[Opening Dataset excerpt section]
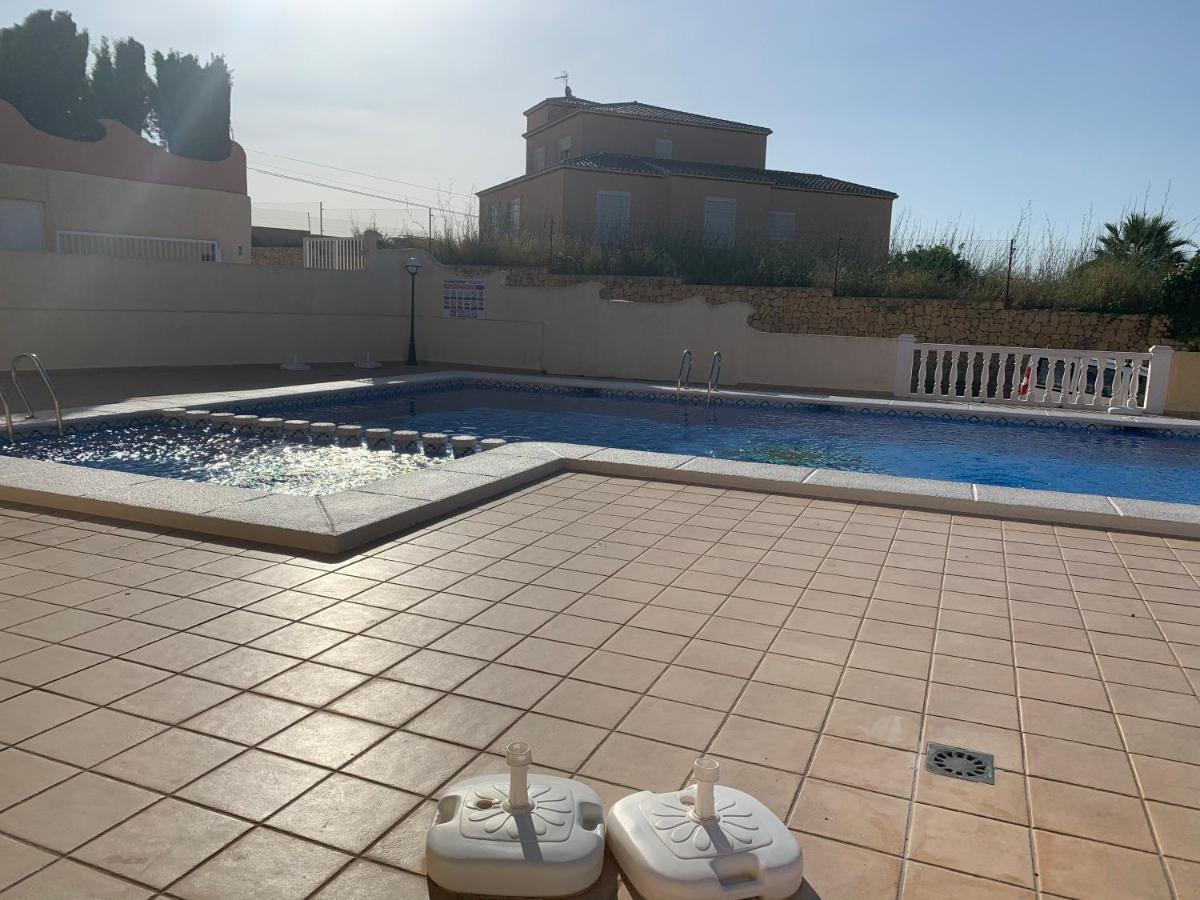 Holiday home Bungalow Rosales Park *
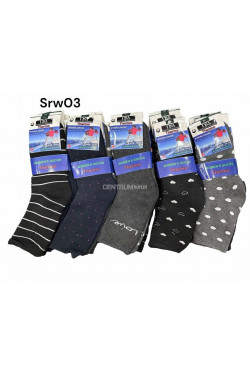 Skarperty damskie (35-42) SRW03
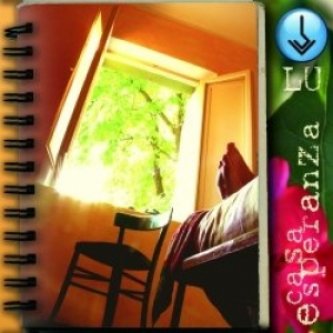 Copertina dell'album Casa Esperanza [EP], di Lu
[Closing Dataset excerpt section]
-- What the task asks --
Please repeat the data verbatim and leave the pictures out of your copy.

-- Answer to this task --
 Holiday home Bungalow Rosales Park *
 Skarperty damskie (35-42) SRW03
 Copertina dell'album Casa Esperanza [EP], di Lu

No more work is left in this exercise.